Computer memory is mainly of two types: system memory (RAM), and graphics memory (VRAM). The former leverages DDR4 while the latter makes use of the GDDR5 (and GDDR6) standard. But what’s the difference between the two. In this post, we compare DDR4 vs GDDR5 (and GDDR6) and examine the differences and similarities between them.
DDR4 Vs GDDR5
- DDR4 runs at a lower voltage than GDDR5, 1.2 volts to be exact. GDDR5, on the other hand, can go as high as 1.5v. This is because the latter is based on the DDR3 memory standard which also has a stock voltage of 1.5v.
- As far as the memory frequencies are concerned, DDR4 runs at roughly the same speed as GDDR5X and GDDR6 (~1750 to 1800MHz), but the way graphics memory works means that the effective bandwidth is 4x as much (1750 x 4= 7,000MHz). More on that below.
- GDDR5X brings the voltage down to 1.35v, all the while increasing the per-pin bandwidth to 16Gbit/s.
- Both DDR4 and DDR3 use a 64-bit memory controller per channel which results in a 128-bit bus for dual-channel memory and 256 bit for
quad-channel. GDDR5 memory, on the other hand, leverages a puny 32-bit controller per channel.
- While CPU memory configurations have wider but fewer channels, GPUs can support any number of 32-bit memory channels. This is the reason many high-end GPUs like the GeForce RTX 2080 Ti and RTX 2080 have a 384-bit and 256-bit bus width, respectively.
Both the RTX 20 series cards are connected to 1GB memory chips via 8 (for 2080) and 12 (for the Ti) 32-bit memory controllers or channels. GDDR5 and GDDR6 can also operate in what is called clamshell mode, where each channel instead of being connected to one memory chip is split between two. This also allows manufacturers to double the memory capacity and makes hybrid memory configurations like the GTX 660 with its 192-bit bus width possible.
- Another core difference between DDR4 and GDDR5/6 memory involves the I/O cycles. Just like
SATA, DDR4 can only perform one operation (read or write) in one cycle. GDDR5 and GDDR6 can handle input (read) as well as output (write) on the same cycle, essentially doubling the bus width.

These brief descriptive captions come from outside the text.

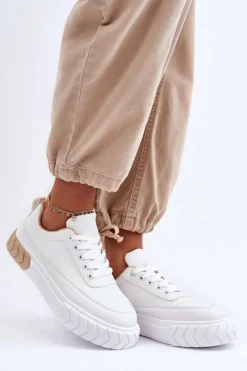 New Klasyczne Buty Sportowe Na Platformie Biało-Beżowe Nannzie Damskie Sneakersy Damskie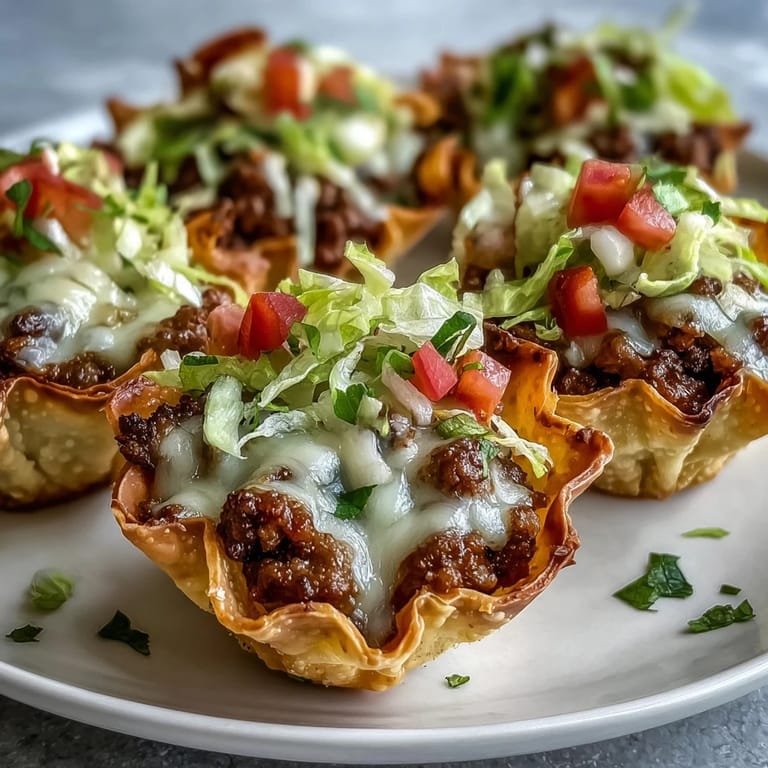 Savory ground beef taco filling nestled in baked wonton cups, ready for toppings.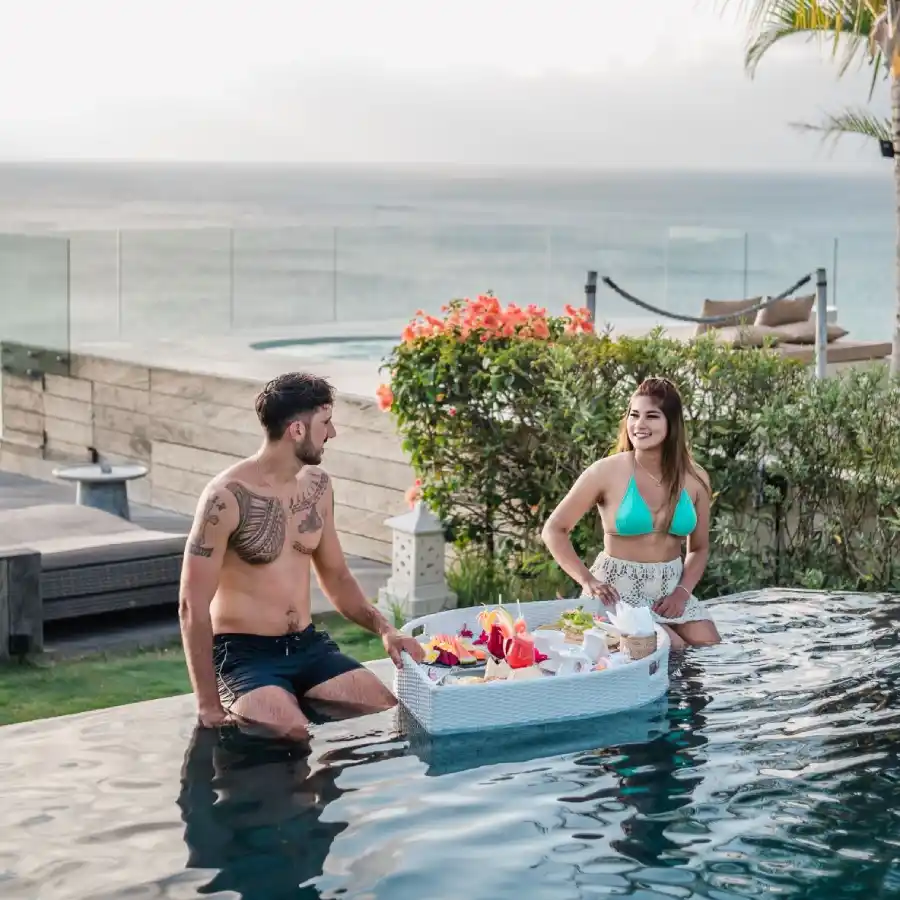 Floating breakfast Biu Biu Resort Bali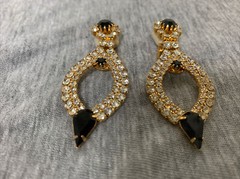 Vintage Siluane Goldtone Metal Prong Set Rhinestone Dangle Drop Clip-on Earrings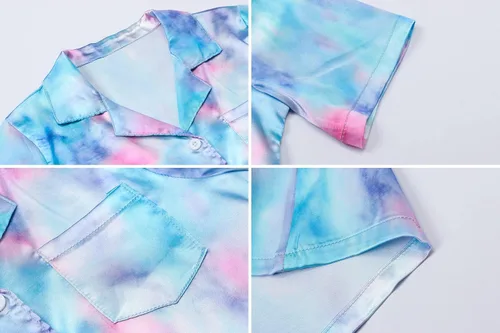 Miniatura 5 de Schbbbta Conjunto de pijama de seda para niñas y mujeres, ropa de dormir de satén con botones, 3 años - mujer XXL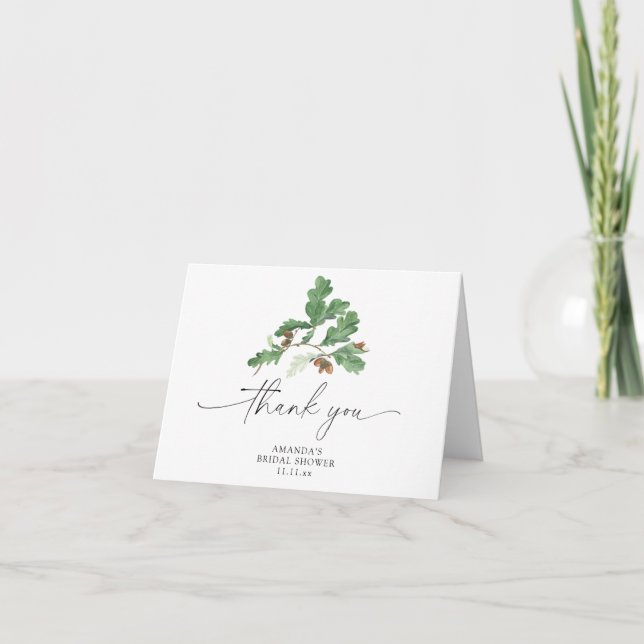 Carte De Remerciements Douche de la branche Acorn (Devant)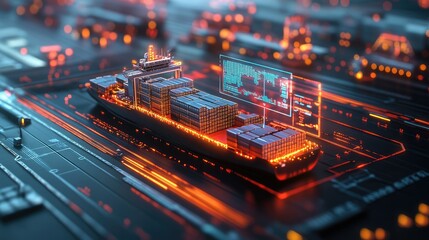 Cargo ship with digital interface showing data, illustrating modern logistics and technology in shipping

- All this might put DDR4 memory in a bad light, but this configuration actually suits both setups. CPUs are largely sequential in nature while GPUs run thousands of parallel cores. The former benefits from low latency and slimmer channels, while GPUs require a much higher bandwidth with loose timings.
GDDR5 vs GDDR5X vs GDDR6
GDDR6 was preceded by GDDR5X which was more of a half-generation upgrade of sorts. GDDR5X features transfer rates of up to 14GBit/s per pin, twice as much as GDDR5 while also reducing the voltage from 1.5v to 1.35v.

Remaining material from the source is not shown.